There are some commercials running on TV these days that intrigue me. They are commercials for a credit card program that purportedly says what it does and does what it says. They wonder what it would be like to say exactly what you are thinking to people.
In the latest version that I’ve seen a woman goes up to a front door carrying a pie and rings the doorbell. You immediately think she is welcoming a new neighbor. The woman in the house answers the door. The woman with the pie says: “Hi, I’m your neighbor. I know you are new to the neighborhood and brought you this pie to see how weird you might be.” The second woman says, brightly, “Oh, well it smells....(pause)” The first woman, “Intrusive?” The second woman, “Yes! Would you like to come in and snoop around?” First woman “Why yes! That’s exactly why I came.” The voiceover asks, “Wouldn’t life be easier if we just said what we were thinking?” Would it? Maybe yes, Maybe no!
As I read our words from Matthew about welcome I thought about these commercials and our culture of plain speech. Which isn’t always so plain or so simple. Or is sometimes so plain that it is hurtful and divisive. Or is so plain that it hides the truth in plain sight.

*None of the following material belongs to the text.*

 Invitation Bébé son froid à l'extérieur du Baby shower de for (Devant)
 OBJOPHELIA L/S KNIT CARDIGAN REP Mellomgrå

And we all know that the old adage, “Stick and stones my break my bones but words will never hurt me” is profoundly false. Words do hurt...they can burn and wound and leave a mark on our souls. AND they can be like a cup of cold water after a hard day’s work. Or on the lips of someone dying from thirst. They can be like springs bubbling up in the desert. Water is essential to life...so are words of kindness, compassion, love....words of strength and truth and justice proclaimed without malice or hatred.
I also thought about our sincere efforts here at Plymouth to offer extravagant and even radical welcome to people who walk through our doors. We do a pretty good job with our words and in our actions. We believe fervently and remind one another frequently that welcoming the stranger is welcoming the Holy among us.
The Greek word, dechomai, translated as “welcome” in our passage today using the NRSV can also be translated “receive.” I think receive can take the action of welcome deeper. Does receive open the door to relationship? I can welcome you at my front door but not receive your presence into my house. Even the woman in the commercial surprised by the nosy neighbor with the pie receives the woman into her house. You wonder if no matter how awkward their beginning, there is still a possibility for relationship. According to the dictionary, to welcome is “to greet gladly.” To receive is “to accept, to take in” as well as to welcome. A truly meaningful welcome to someone needs both actions.
The words we heard about welcome from the gospel of Matthew come at the end of a long discourse of instruction that Jesus gives the 12 disciples as he sends them out as missionaries to preach and teach all Jesus has been teaching them. And to be agents of healing in the world. “As you go, proclaim the good news, ‘The kingdom of heaven has come near.’ Cure the sick, raise the dead, cleanse the lepers, cast out demons.” “Whoever welcomes you welcomes me, and whoever welcomes me welcomes the one who sent me. ... whoever gives even a cup of cold water to one of these little ones in the name of a disciple — truly I tell you, none of these will lose their reward.” Because we are attuned to the story of the sheep and the goats in Matthew 25 we first assume that the “little ones” are the “least of these” in our world. Or maybe you thought about the children in Matthew 19 that the disciples are shooing away. Jesus says to them and to us that we must become open and receptive like the children to enter the kingdom of heaven. However the “little ones “ in this passage are not the least of these or the children. They are the disciples...the ones sent on mission proclaiming God’s good news, the ones healing and bringing new life. The little ones are the disciples sent out to do the work of God’s kingdom...they are us.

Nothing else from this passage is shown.